INGUNO de ellos o de ellas habrán resuelto su vida para siempre pero las mejoras en el piso son considerables, de eso no cabe duda. Les hablo de los hombres y mujeres de Basauri (o de cualquier otra latitud que tuvo el buen ojo de estar de paso en el momento oportuno...) que fueron afortunados con la lotería más jugada del año. El segundo premio se detuvo a sus pies en ese tempestuoso día del sorteo, y hoy, pasada la marejada de las cifras, es cuestión curiosa acercarse a la costa para ver las consecuencias que dejó tras de sí la marea.

La primera recomendación es una: rindan pleitesía a la diosa fortuna que, caprichosa como una diva o una rockstar, rara vez se detiene a tu lado. Recuerdo ahora que un viejo refrán yiddish decía algo así como "cuando la fortuna llame a tu puerta, ofrécele una silla". Bien, imaginen ahora a Basauri como una estampa de los años cincuenta del pasado siglo, con un sinfín de portales sembrados con las sillas de mimbre o de enea de los vecinos. Ahí se jugaba la vida por aquel entonces. Hoy se ha perdido esa vieja costumbre y el vecino, en no pocas ocasiones, es perfecto: un perfecto desconocido.
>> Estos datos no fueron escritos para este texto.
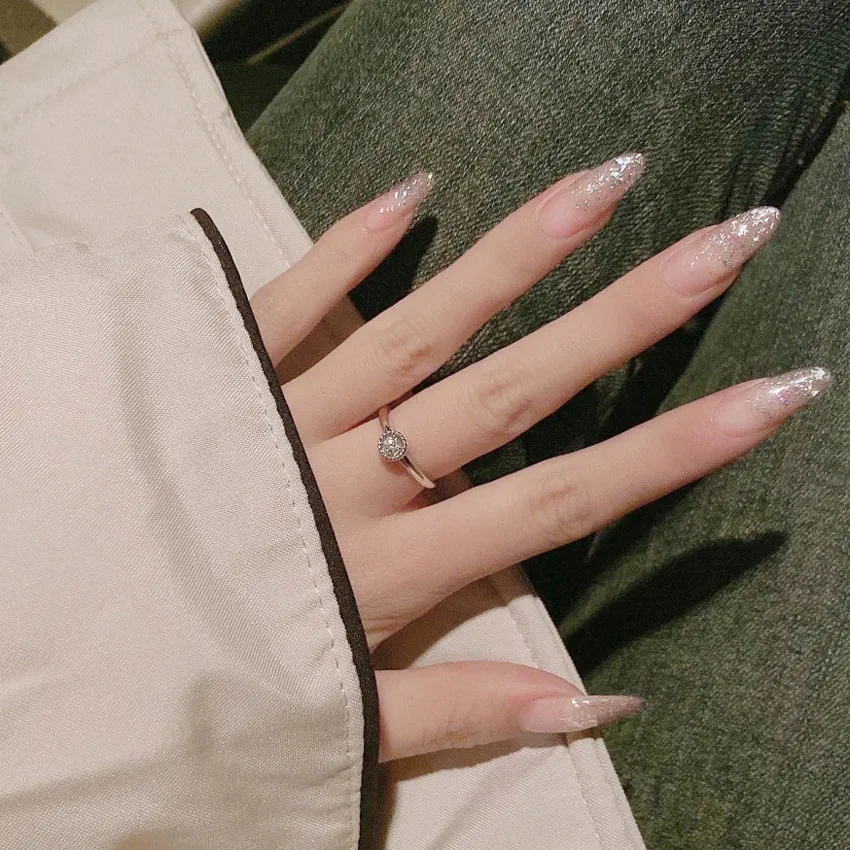 X20 Press On Nails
La suerte es una misteriosa circunstancia de origen desconocido. No sabemos de dónde viene ni cómo se va. Ahora que hemos averiguado sobre qué hombros se ha posado sí podemos desearles suerte. ¿Acaso no conocemos un puñado de ejemplos de gente a la que la lluvia de dinero imprevisto les encogió o les agrandó? Ojalá no se pierda ni uno solo de los soldados de la buena gente en el camino hacia la riqueza y ojalá que sólo llueva el café de la alegría en el campo. No siempre ocurre, una vez pasada la euforia.

En cierta ocasión leí que hay gente que, tocada por la varita mágica de la fortuna, se idiotiza; que si tuvieran la piedra filosofal en casa a la piedra le faltaría el filósofo. No se trata ahora de señalar a nadie ni de pregonar que Basauri es peor que ninguna otra comunidad, ni siquiera la que habita en mi propia casa. Habrá de todo. Lo que sí sería de agradecer es que, una vez hecho el camino de la tranquilidad económica (ya se sabe que la escasez de dinero alborota los nervios a cualquiera...), nadie pierda el oremus. Lo ideal sería que ese dinero resolviese la vida a más de uno y ayudase en la travesía de muchos otros. Al fin y al cabo, a nada que uno se detenga a pensarlo bien, descubrirá que una de las grandes riquezas de la fortuna es la felicidad de compartirla.